# Better for long cooks in offset: lump or briquettes?



## Mark Adams (May 29, 2018)

This past weekend I fired up my ok joe offset for a brisket and turkey breast. I started with a chimney of royal oak lump and used splits to get a good bed going. Every 2.5 HRs or so I had to add more lump because my coal bed had dwindled down to almost nothing. Is this normal? I had the stack wide open as well as firebox door


----------



## atomicsmoke (May 29, 2018)

I don't have experience with RF smokers but on my crappy vertical smoker i control the burn rate using the dampers. Not as precise as say on WSM, but i get things done.

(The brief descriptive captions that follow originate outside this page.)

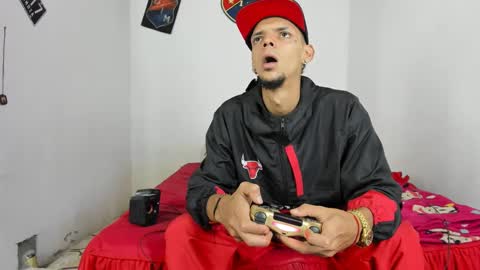 Snapshot of johan_and_antonella chatting on 02-28-25, 12:32 johan_and_antonella online show from 02-28-25, 12:32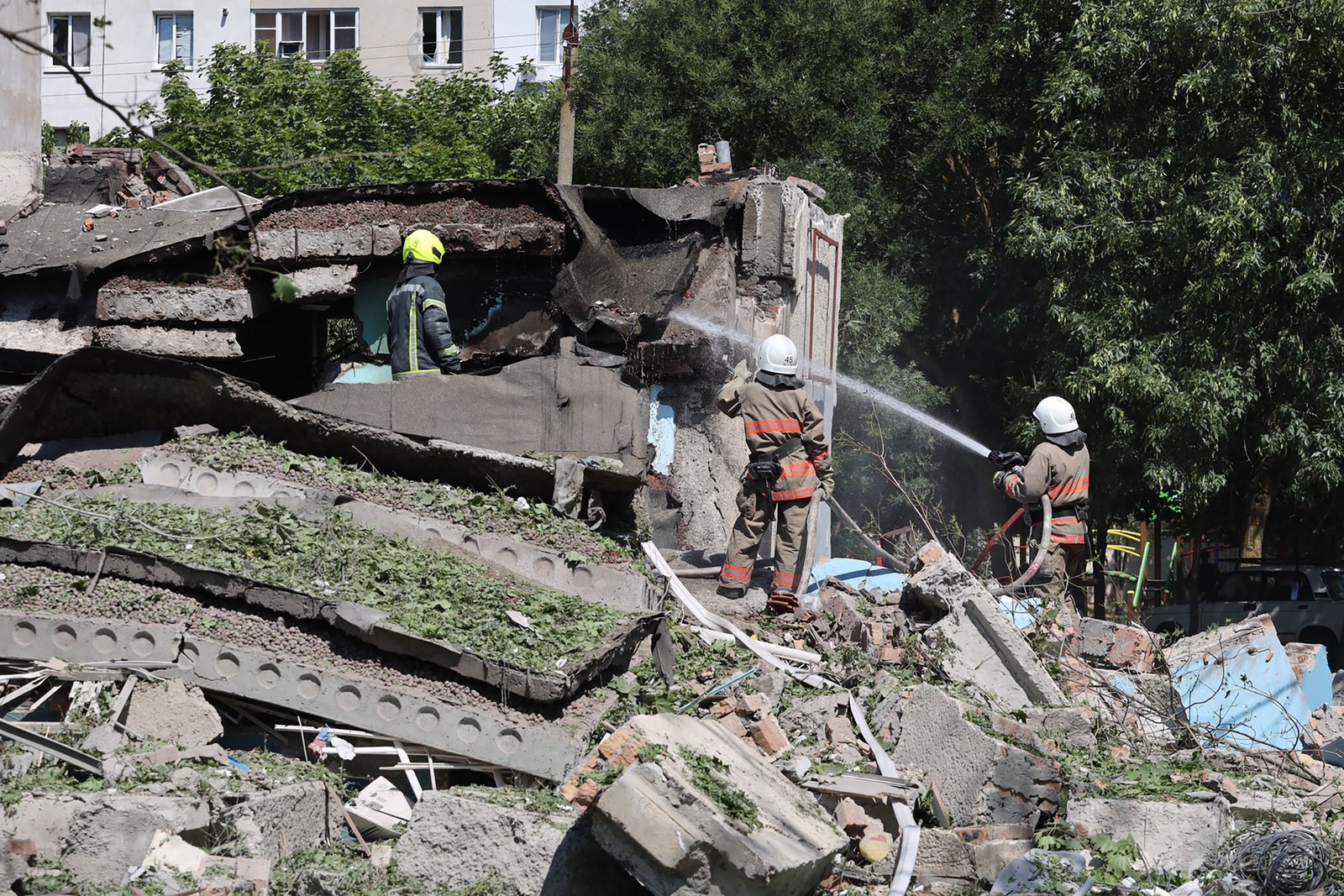 Socorristas trabalham nos destroços de um prédio destruído por um ataque com mísseis na cidade ucraniana de Serhiivka — Foto: Oleksandr GIMANOV / AFP
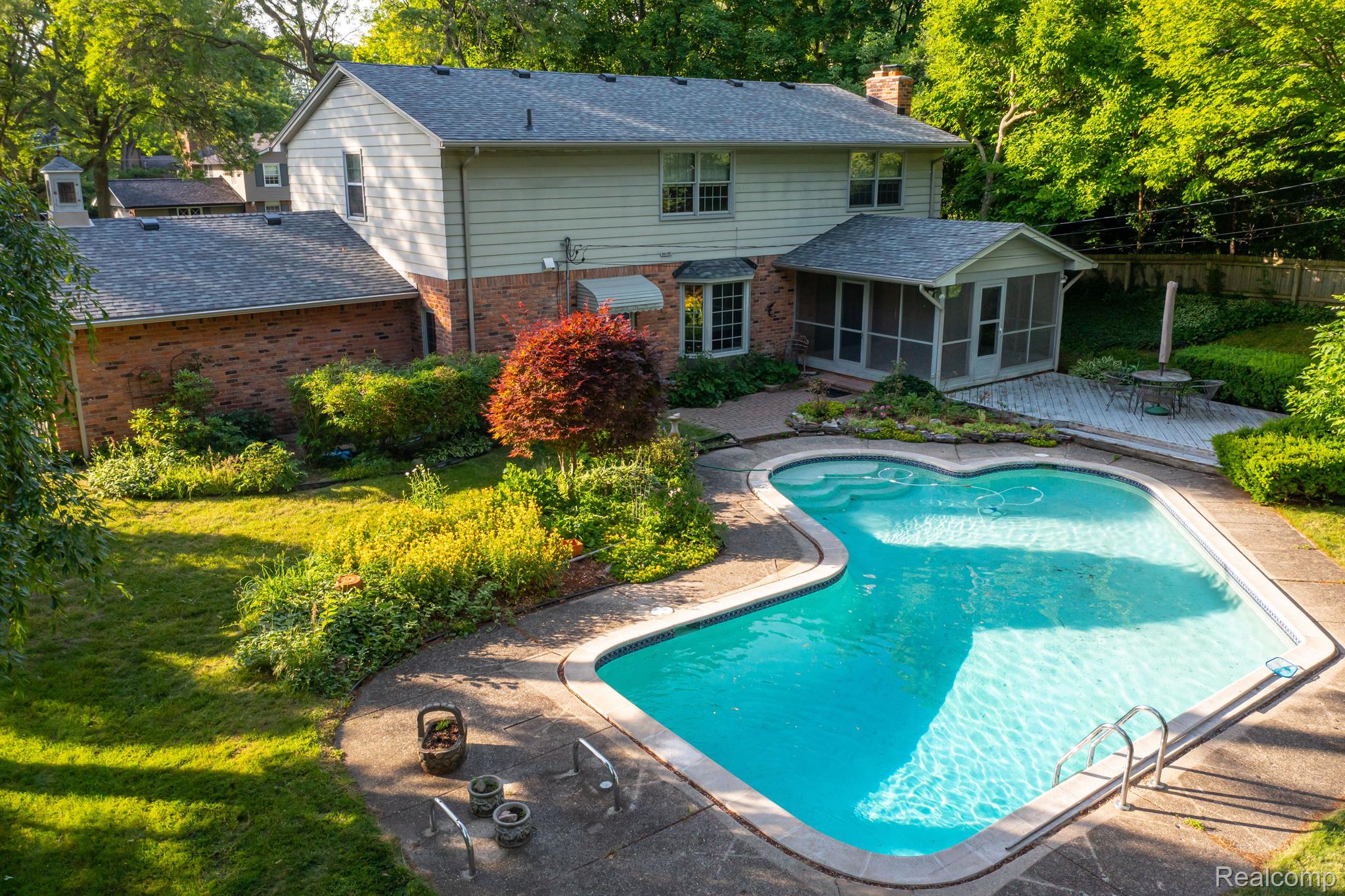1024 ROCK SPRING Road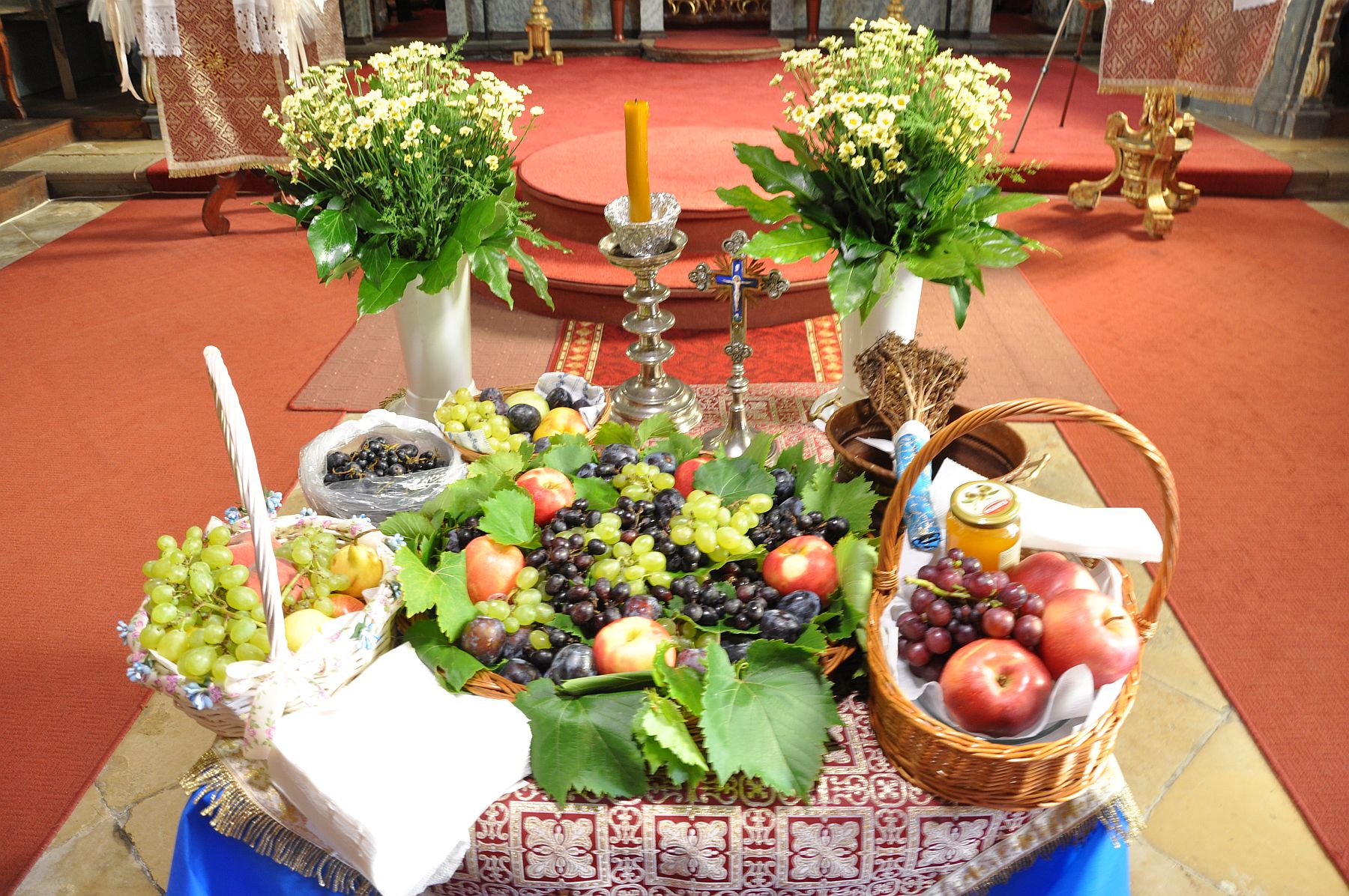 Szőlő és gyümölcsszentelés a Rác utcai szerb templomban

Why keep the firebox door open and stack wide open?


----------



## Mark Adams (May 29, 2018)

I keep the stack and door open to get a clean fire, too much white smoke with them closed as well as fire losing heat/going out


----------



## ristau5741 (May 29, 2018)

Lots of air makes fire burn fast.


----------



## Mark Adams (May 29, 2018)

I didn’t even think of that Ristau, still a newbie here, haha. Would starting with more lump and running with door closed/damper open allow me to keep my temps up longer?


----------



## dcecil (May 29, 2018)

I used to cook on an OK joe.  When starting the initial fire I use coal and wood splits mixture.  I surround the coal with wood and also lay some across the top.  Kind of like building a log cabin over your coals.  Leave everything open.  Firebox door and cook chamber door.  Once you have a really nice fire going and a bed of coals started I toss in another split and close all doors.  Open damper on the fire box door wide open and start closing it down until you get close to the temp you want.  From there you should be adding another split anywhere from every 30 to an hr depending on outside temp.  Never let your coals die out in your firebox,  When I notice a temp drop I will open fire box door and take a new split and move the coals around to stoke them and lay split right on top.  If i notice the coals have almost burned up I will put two splits in to help build that back up.  Again,The key is to not let your coals burn out ,   Do you have a thermometer besides the one on the grill.  Cooking on a stick burner requires and additional therm inside the cook chamber.  You find that there are different temps all over the inside of your cook chamber.


----------



## Mark Adams (May 29, 2018)

That sounds like a good idea, I’ll try that next time I cook. I have 4 thermometers on the cook chamber, one in each of the holes that came with the cooker and a double probe wireless thermometer at grate level on each end so the temp never gets too low while I’m away from it.


----------



## bluewhisper (May 29, 2018)

My offset always runs with the exhaust wide open, and normally runs with the firebox door closed and intake about 2/3 open, depending on conditions and fuel.

Good point about keeping a coal bed alive, else you have to start a fire all over.


----------



## Smoke23 (May 29, 2018)

Briquettes will burn longer than lump.


----------



## Northshore Smoke (May 31, 2018)

When I used my Oklahoma Joe offset, the briquets were just for getting the fire going.  After that I used either pecan or red oak splits.  Once the wood was burning good, the doors were closed, the firebox vent was always wide open, and I controlled the temperature from the exhaust vent.  It used a lot of wood.  The Bandera, while still an offset, is much more efficient with the splits.  It uses less than half the wood that the Texas style smoker used to do the same thing.


----------